Shortly beyond that junction we arrived at the Killen Creek Trail.
Although we had toyed with the idea of continuing all the way to Killen Creek it was another .4 miles away and downhill. We had done 22.6 miles the day before and this day was already going to be over 17 miles so we decided to call it good. We figure we can go back someday and start on the Killen Creek Trail and go north on the PCT from the junction.
On the way back the haze began to clear and the passed far enough overhead to greatly improve the views of Mt. Adams.
The massive Adams Glacier really caught our attention.
While we were admiring the mountain, Heather spotted a face in the rocks.
The view of Mt.
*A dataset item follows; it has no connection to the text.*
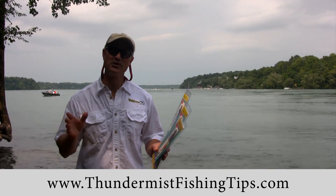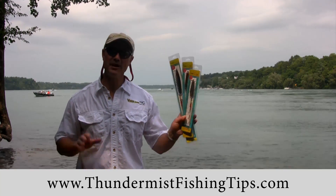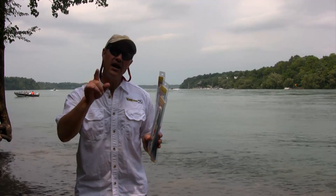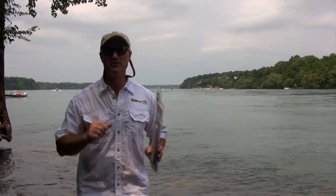Hi folks, it's Evo here from Thunder Miss Lure Company, and today we've brought a few Viper Spoons with us. What we'd like to do is share some tips and techniques on how to rig the Viper Spoon, showing a variety of different baits.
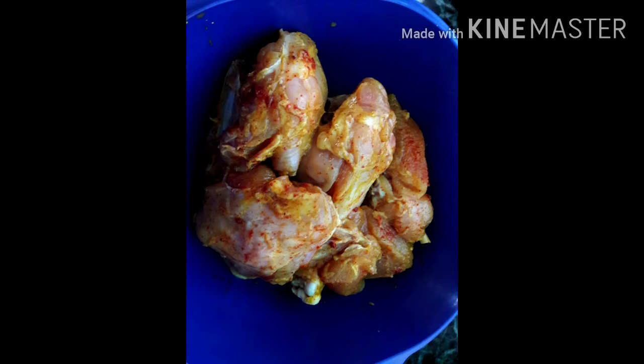I will put the chicken in the bowl. I will prepare the marinade. I will put in the marinade: garlic, red chili powder, jeera powder, turmeric, biryani masala, and curd. I will add a mixer for the marinade.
Adams kept getting clearer and even the view of Mt. Rainier improved somewhat.
One view that didn’t improve was to the SW where yet another smoke plume had arisen. This one we would learn the next day was the East Crater Fire in the Indian Heaven Wilderness.
We stopped again at Riley Creek where we joined a number of PCT thru-hikers cooling off and collecting water. We refilled our packs as well as our 96oz canteen (which was not the most fun thing to haul the 4 miles back to camp).
It was just after 4:30 when we arrived back at Horseshoe Meadow. Mt. Adams appeared to be free of any smoke but just over it’s shoulder to the east the sky looked really smokey.
We ate dinner then sat by our tent and watched as a few wispy clouds passed overhead.
With all the fires around we couldn’t have asked for a better couple of days on the mountain. Those wonderful conditions didn’t make it into Labor Day though.
We woke up at 5:30am and despite it still being dark, we knew that some smoke had moved in based on the smell. When I got out of the tent and turned on my headlamp it illuminated the ash that was falling like a light snow. As the morning light made seeing a little easier we found that we couldn’t even see Mt. Adams.
As the Sun rose higher we could at least make out the mountains outline through the smoke.
We ate breakfast and packed up then headed south on the PCT.
Overall it was a cool morning but occasional blasts of warmer air hit us. We had started hiking a little before 7am so that helped. We passed a number of thru-hikers on their way north, one of whom told us that the Indian Heaven Wilderness was closed due to a new fire (East Crater).
A red sun came up over Mt. Adams as we made our way back.
The smoke finally lessened a bit when we had gotten back down into unburnt forest.
Near the trailhead we spoke to another thru-hiker who had been evacuated from Cascade Locks due to the Eagle Creek Fire. It was from her that we learned a teenager illegally using fireworks had started the inferno and that at least 140 hikers had been stranded overnight, trapped between the Eagle Creek and Indian Creek Fires.
Given the information we decided to drive back to Salem around Mt. Hood via Highways 35 and 26 thinking that I84 might be closed by the time we were trying to get through. It’s been a tough year out west regarding wildfires. Even though they are a natural part of the forest cycle (unless some moron does something stupid) it’s hard when so many of our favorite places seem to be burning at the same time. We know they will not look like they once did anytime in our lifetimes, but they will recover and in the meantime we will watch as God’s creation heals. Happy Trails!